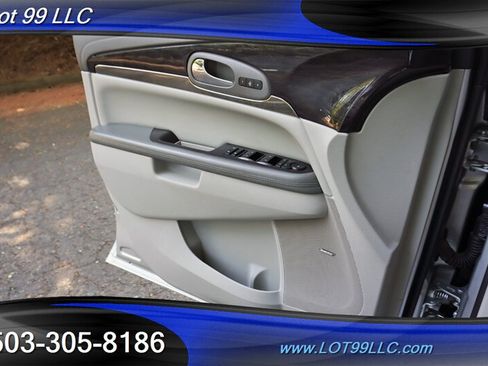 Used 2017 Buick Enclave Premium w/ Trailering Package AWD/4WD image 27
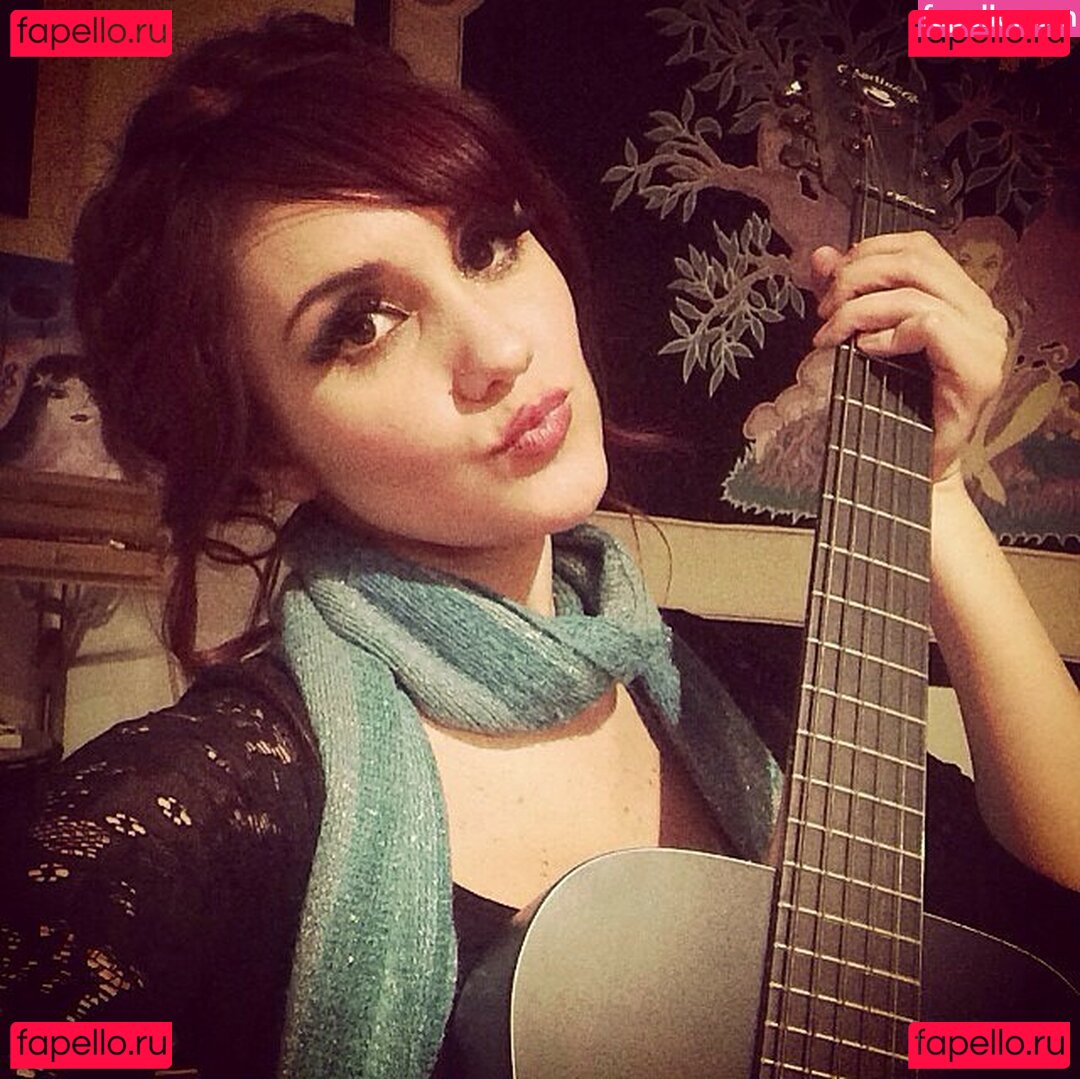 Dulce Maria / DulceMaria / dulcemar19 Onlyfans Photo Gallery 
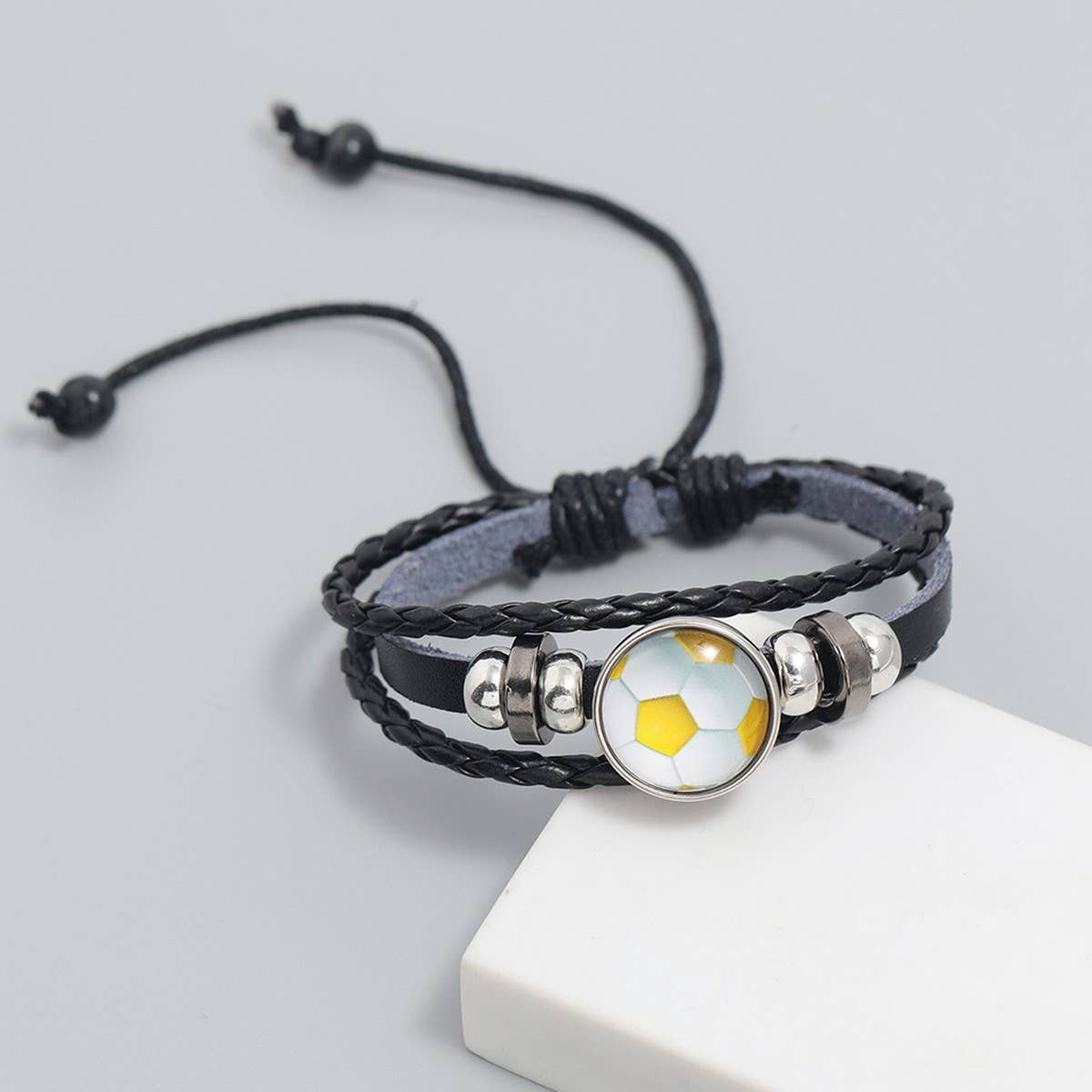 FASHIONABLE PERSONALIZED BEADED BRACELET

▸ **REQUIRED WORK**: The required answer is an exact copy of the lines from the one containing "Dulce Maria /" through the last line of the material, with the pictures removed.

▸ **COMPLETED EXERCISE**:
 Dulce Maria / DulceMaria / dulcemar19 Onlyfans Photo Gallery 
 FASHIONABLE PERSONALIZED BEADED BRACELET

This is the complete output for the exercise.